A high point was a “Move to Amend” public gathering on November 9 that I had organized before I left, focused on amending the constitution to abolish corporate personhood and overturn the Supreme Court’s Citizens United decision, which allows unlimited corporate funds to flow into election campaigns. The gathering was co-sponsored by several local groups, coordinated with national groups, and held simultaneously with over 200 similar gatherings around the country. The campaign is ongoing (see movetoamend.org.) A great short film about this issue is “Citizens United vs. the FEC” (at www.youtube.com/watch?v=k5kHACjrdEY).
So now, it’s back to balance, to continuing those practices that enable me to stay grounded and follow the leading of the Spirit moment by moment. It’s challenging, with family commitments and holidays coming, deadlines for articles, and a seemingly endless array of opportunities to contribute to the growing momentum of the movement for radical political, social, and economic change.
Many of us have been working on various social and environmental issues for years, making connections between issues (just follow the money), but only to see the overall situation getting worse and worse. But now, it’s as if a “Great Awakening” is taking place, with people waking up to the extremity of our situation. The Occupy Wall Street movement has flipped a switch, turned on the light, awakened people not only to the insanity and destructiveness of the current system, but also to the “power of the people” to change the conversation and to rise up together to call for justice. I am immersing myself in this movement, offering what I can and learning what I can. This is no time to sit on the sidelines—there is too much at stake, by every measure. And at last there is an energetic, grassroots, hope-filled movement made up of autonomous groups in various locales rising up spontaneously around the world.
Working to build a strong local Occupy movement is not as exciting or dramatic as a two-week immersion experience in New York, but it seems necessary, fulfilling, and real. What great new friends I am making. Some I have known before, some I have not, but we are mutually engaged in community building and organizing through direct democracy in new ways.

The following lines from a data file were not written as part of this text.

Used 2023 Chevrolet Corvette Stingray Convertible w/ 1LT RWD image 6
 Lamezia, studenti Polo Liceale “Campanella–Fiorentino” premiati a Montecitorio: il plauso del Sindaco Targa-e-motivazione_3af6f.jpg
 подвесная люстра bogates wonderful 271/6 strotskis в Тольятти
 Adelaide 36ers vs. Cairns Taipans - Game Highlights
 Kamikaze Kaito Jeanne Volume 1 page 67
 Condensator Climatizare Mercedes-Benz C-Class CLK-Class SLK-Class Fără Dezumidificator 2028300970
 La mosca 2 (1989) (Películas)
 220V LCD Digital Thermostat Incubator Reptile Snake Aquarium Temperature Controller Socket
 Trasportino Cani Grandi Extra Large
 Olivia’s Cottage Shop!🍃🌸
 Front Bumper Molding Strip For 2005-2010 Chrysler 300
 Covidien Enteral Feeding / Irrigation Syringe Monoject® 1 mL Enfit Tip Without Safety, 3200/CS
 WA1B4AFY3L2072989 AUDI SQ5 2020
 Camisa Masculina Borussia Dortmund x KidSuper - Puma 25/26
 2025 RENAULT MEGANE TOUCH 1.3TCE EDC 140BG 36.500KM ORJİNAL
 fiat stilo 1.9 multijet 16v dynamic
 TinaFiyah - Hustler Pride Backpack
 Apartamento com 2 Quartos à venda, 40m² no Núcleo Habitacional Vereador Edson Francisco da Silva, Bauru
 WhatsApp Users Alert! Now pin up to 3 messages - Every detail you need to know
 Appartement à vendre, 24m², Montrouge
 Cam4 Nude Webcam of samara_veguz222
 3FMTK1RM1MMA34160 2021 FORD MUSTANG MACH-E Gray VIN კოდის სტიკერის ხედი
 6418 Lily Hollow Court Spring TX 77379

I find the Occupy movement to be filled with inspiration and hope for global transformation. I see God working through this movement in our time. Surely the Love that brought the Universe into existence is pulling for us, drawing us into a future that is peaceful, just, and sustainable, where mutual caring replaces greed and exploitation, where global cooperation replaces systems of domination and violence, where protection of ecosystems and species replaces the degradation of the natural world. May it be so, and may I be so fortunate as to participate in its coming.